---- SUPPLIED DATA

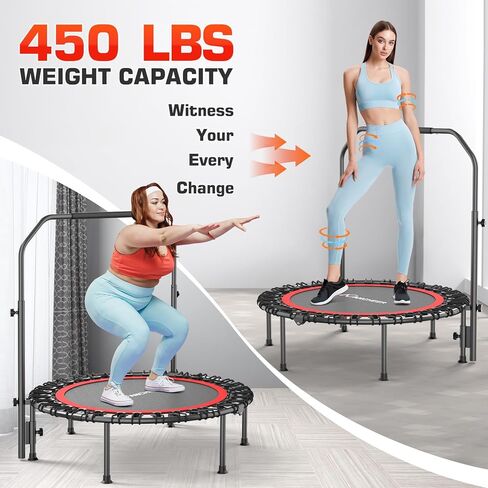 ترامبولين ارتدادي من ANCHEER للبالغين، ترامبولين صغير قابل للطي مقاس 40 بوصة مع مقبض قابل للتعديل، أقصى حمولة 450 رطل، ثابت وقوي للتمرين الداخلي (أحمر كلاسيكي) in Kuwait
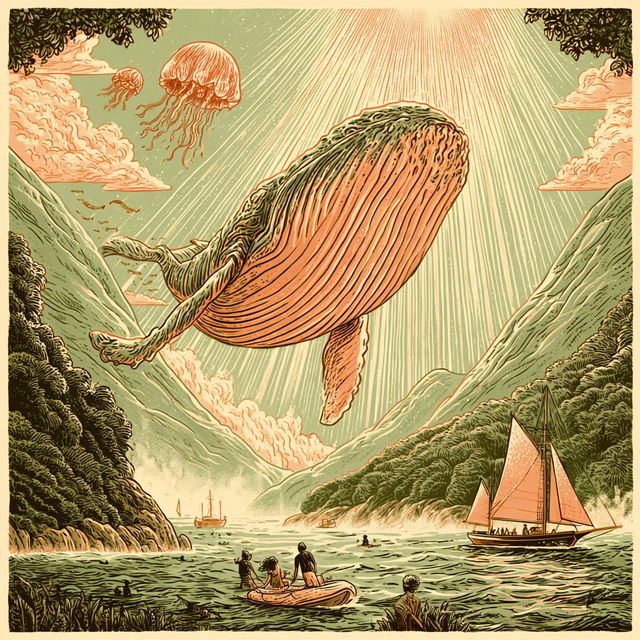 Coralbeam Woodcut style, Midjourney V8.2, render 4 of 4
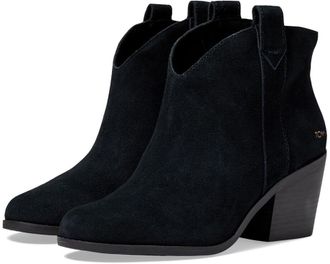 Toms Constance Boots Womens US 9 Black Suede Pull-On Ankle Block Heel FZP444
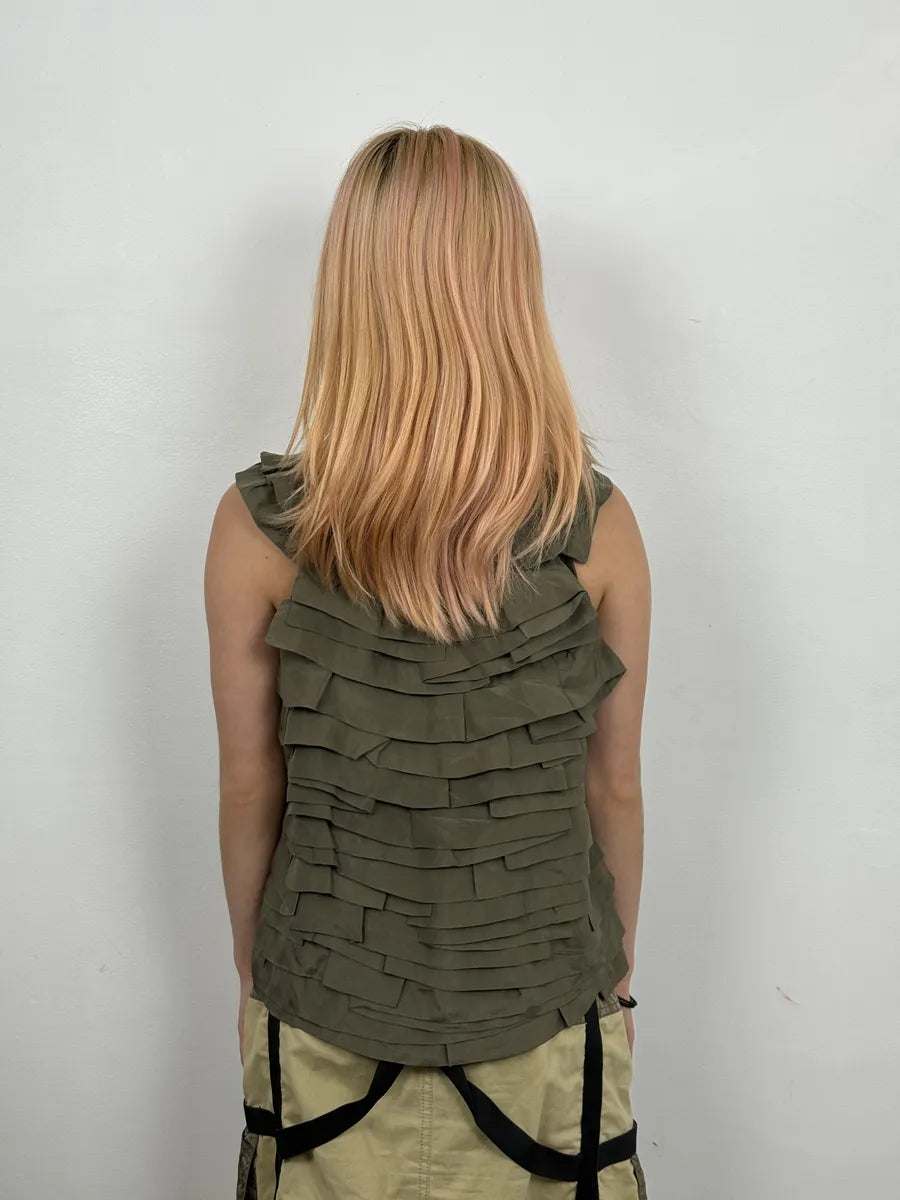 SS2006 Chloé Khaki Green Relief Silk Tank Top BYOEYKb 1
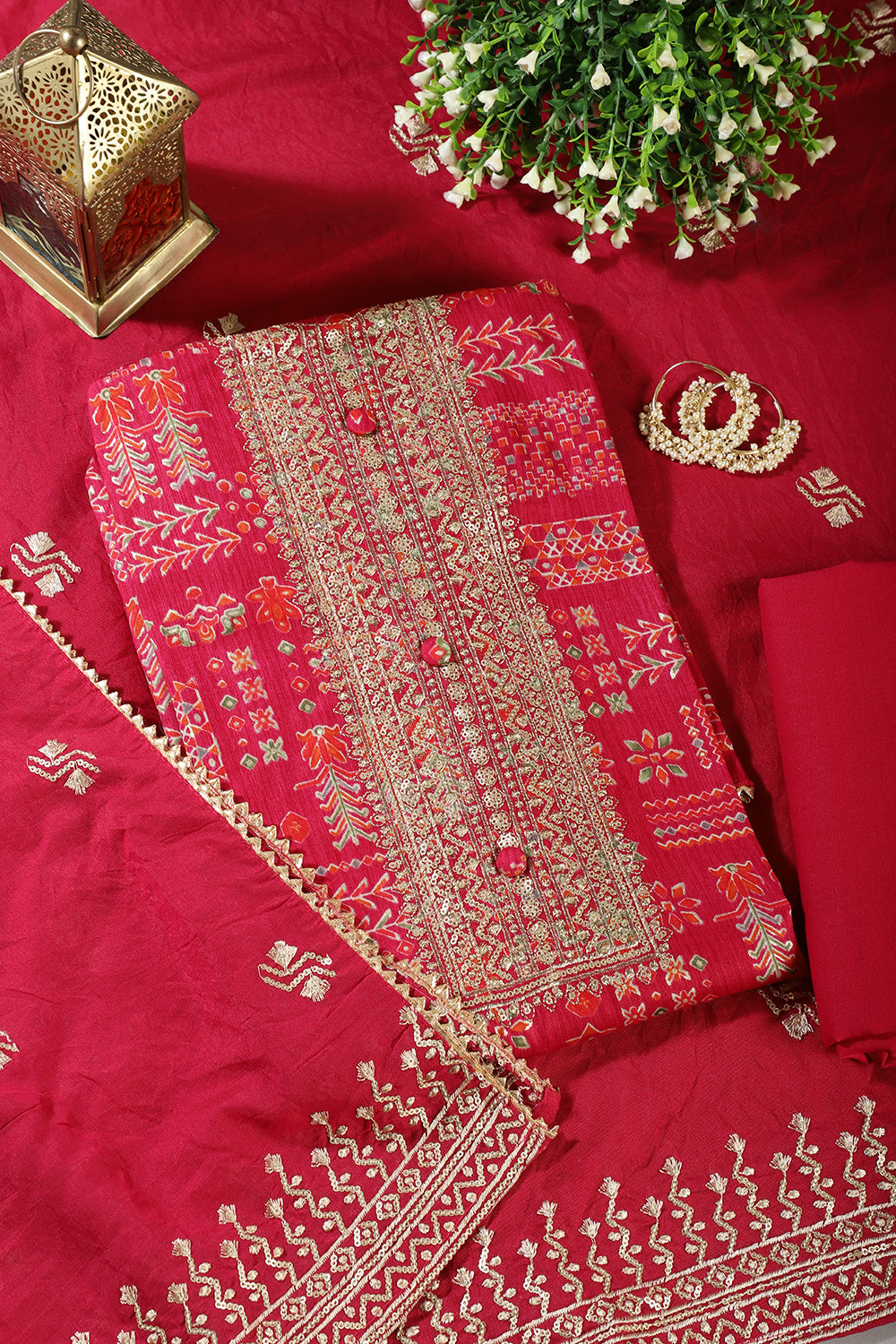 Cardinal Red Digital Printed & Neck Embroidered Cotton Unstitched Suit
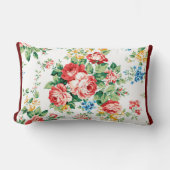 花エレガント柄バラデザイン素子 ランバークッション (正面)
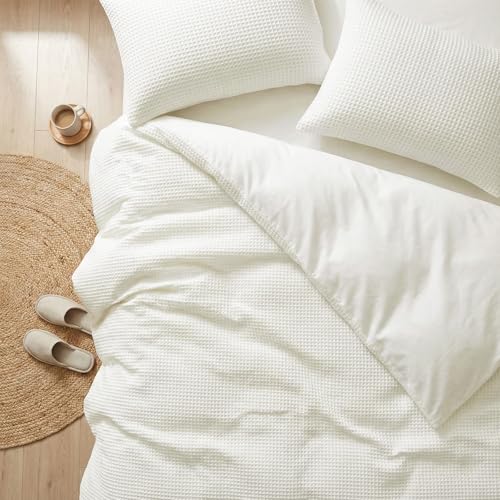 DCSKY Cotton Duvet Cover Twin,100% Cotton Waffle Weave White Duvet Covers Twin Size,Luxury Textured & Breathable 2pcs with 1 Pillow Shams for All Season 68x90 Inches DCSKY
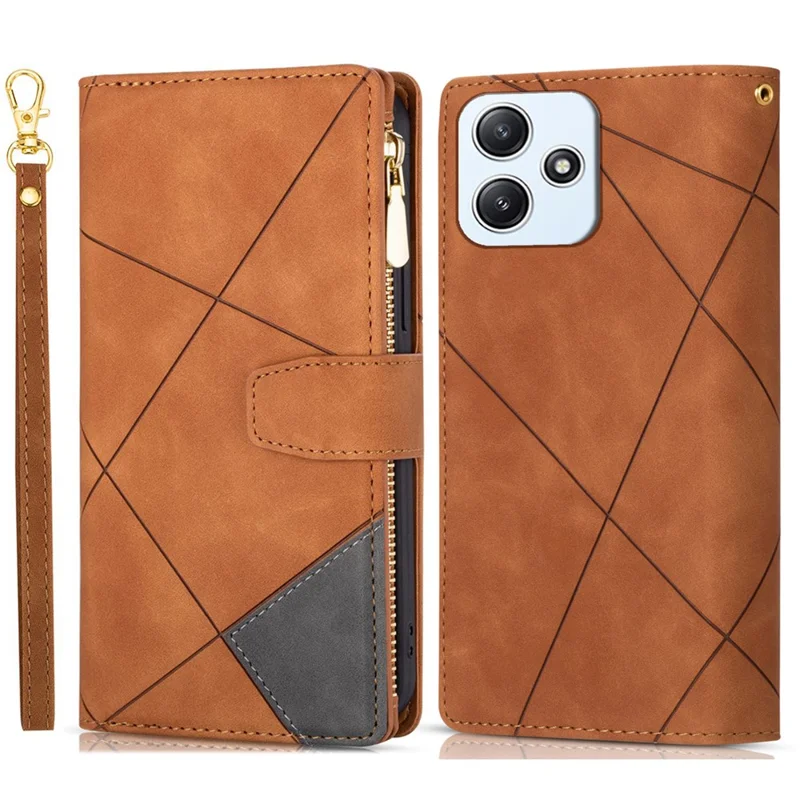 For Xiaomi Redmi 12 4G / 5G (Global) / Poco M6 Pro 5G Case Zipper Pocket Phone Wallet Cover - Brown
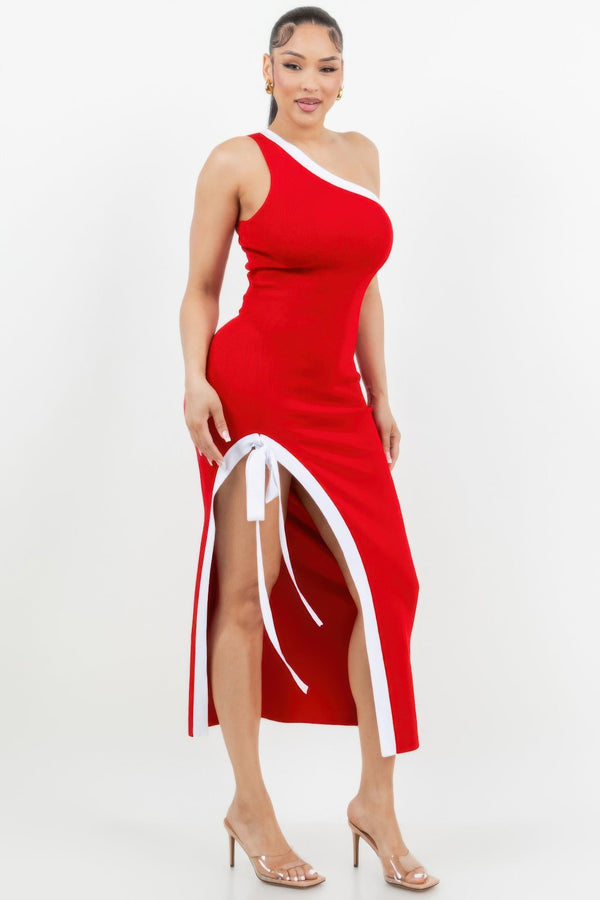 One Shoulder Side Slit Tie - up Maxi Dress - Dress - SmartBuyApparel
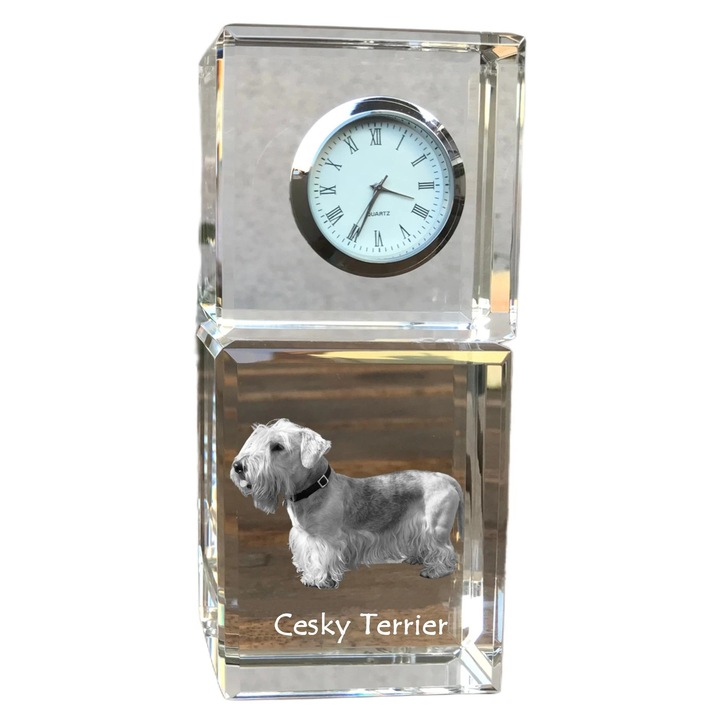 Ceas decorativ Art-Dog, cristal, fotografie rasa de catel, 14,5x6,5x4cm, Transparent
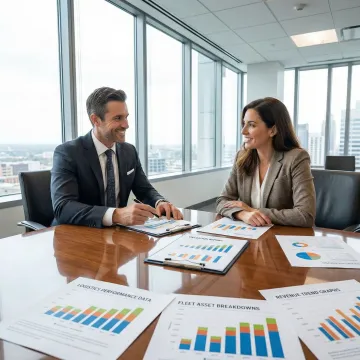 Chelsis Financial M&A advisor presenting logistics company valuation report to business owner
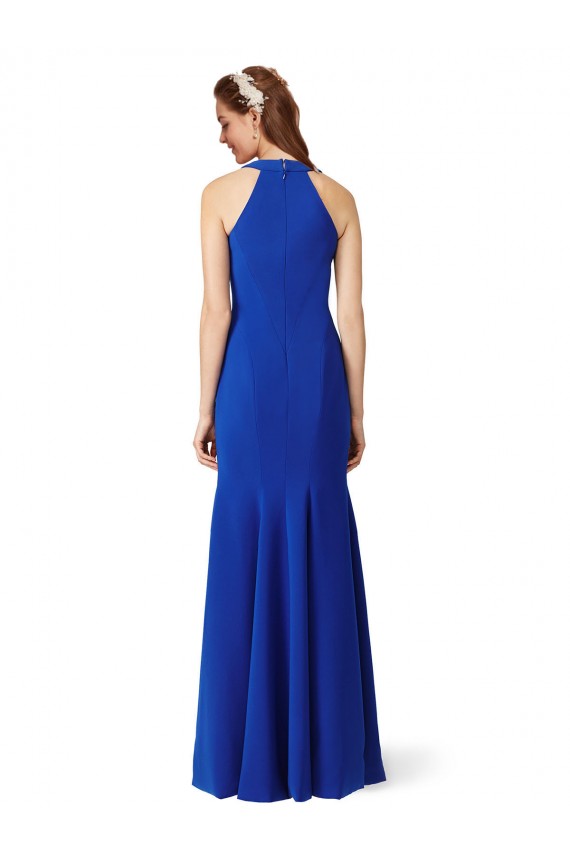 Affordable Stretch Crepe Royal Blue Mermaid V-Neck Long Evening Dress UK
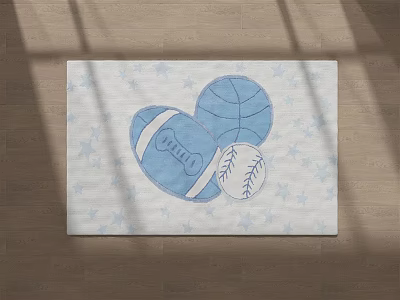 Square Rug With Blue Baseball Glove Basketball And Star Pattern Design 3d model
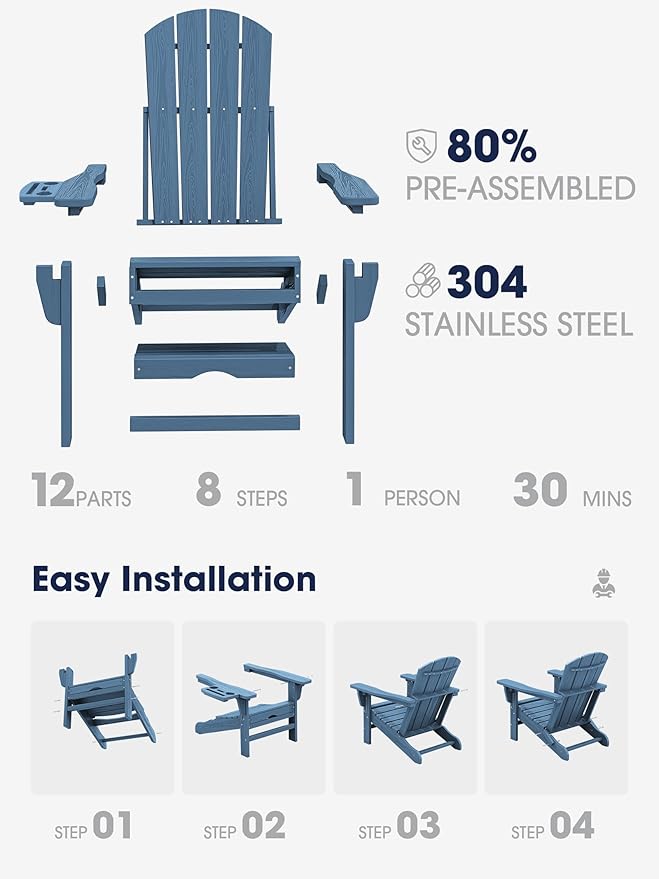 KINGYES Adjustable Folding Adirondack Chair with Footrest & 4-in-1 Multi-Functional Armrest Organizer, HDPE Foldable Reclining Adirondack Chair with Pull-Out Ottoman, Blue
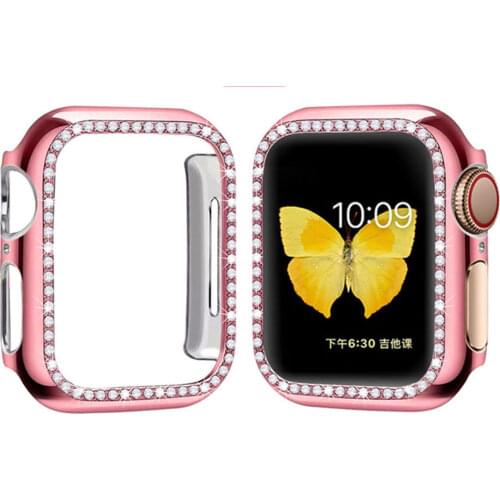 Diamond Bumper Protective Case for Apple Watch Cover 6 SE 5 4 321 38MM 42MM Screen Protector Accessories Iwatch 40mm 44mm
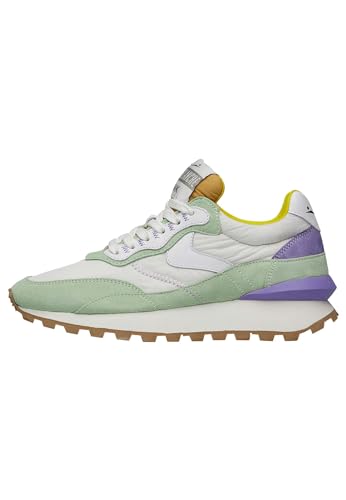 VOILE BLANCHE QWARK Hype Woman-Sneaker aus Veloursleder und technischem Gewebe-Mintgrün, Mint 38 von VOILE BLANCHE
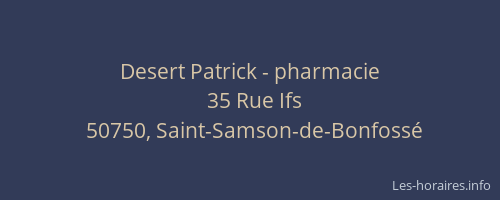 Desert Patrick - pharmacie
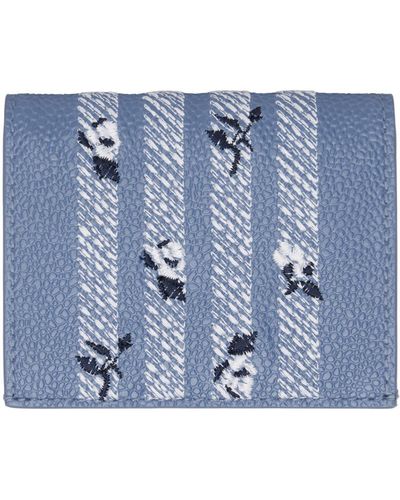 Thom Browne Thom e porte-cartes bleu en cuir grainé à quatre rayures et à deux volets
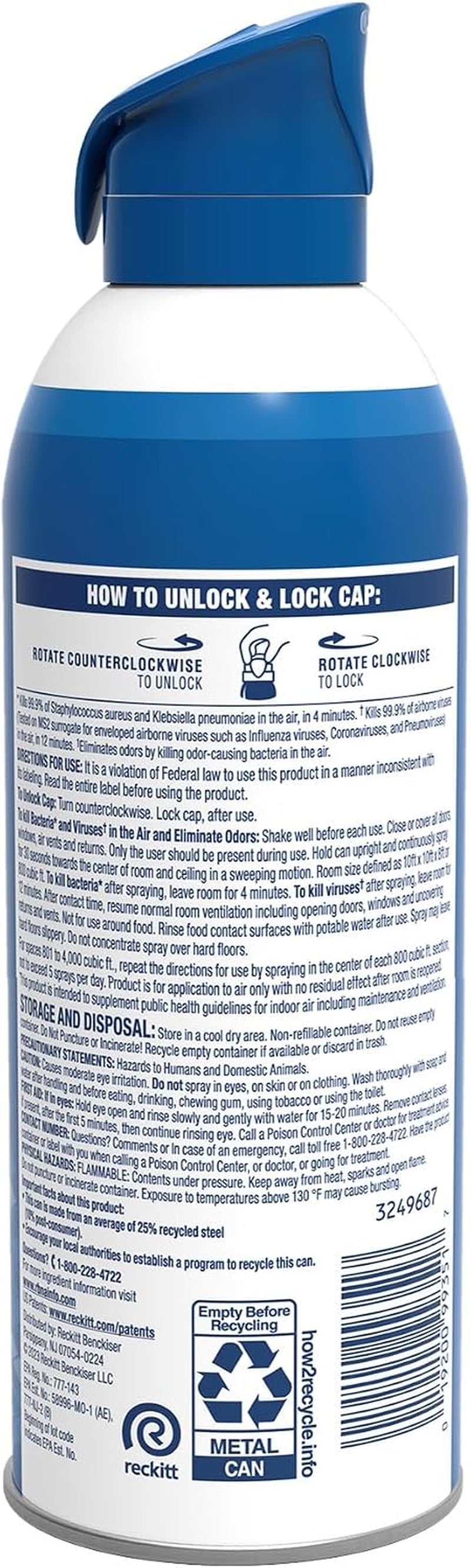 Air Sanitizer Spray, for Air Sanitization and Odor Elimination, White Linen Scent, 10 Fl. Oz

--------

§ WORK REQUIRED: Repeat the lines above, starting at the first and stopping after the line that holds "For Xiaomi Redmi", with the pictures left out.

§ REPLY:
 ترامبولين ارتدادي من ANCHEER للبالغين، ترامبولين صغير قابل للطي مقاس 40 بوصة مع مقبض قابل للتعديل، أقصى حمولة 450 رطل، ثابت وقوي للتمرين الداخلي (أحمر كلاسيكي) in Kuwait
 Coralbeam Woodcut style, Midjourney V8.2, render 4 of 4
 Toms Constance Boots Womens US 9 Black Suede Pull-On Ankle Block Heel FZP444
 SS2006 Chloé Khaki Green Relief Silk Tank Top BYOEYKb 1
 Cardinal Red Digital Printed & Neck Embroidered Cotton Unstitched Suit
 花エレガント柄バラデザイン素子 ランバークッション (正面)
 DCSKY Cotton Duvet Cover Twin,100% Cotton Waffle Weave White Duvet Covers Twin Size,Luxury Textured & Breathable 2pcs with 1 Pillow Shams for All Season 68x90 Inches DCSKY
 For Xiaomi Redmi 12 4G / 5G (Global) / Poco M6 Pro 5G Case Zipper Pocket Phone Wallet Cover - Brown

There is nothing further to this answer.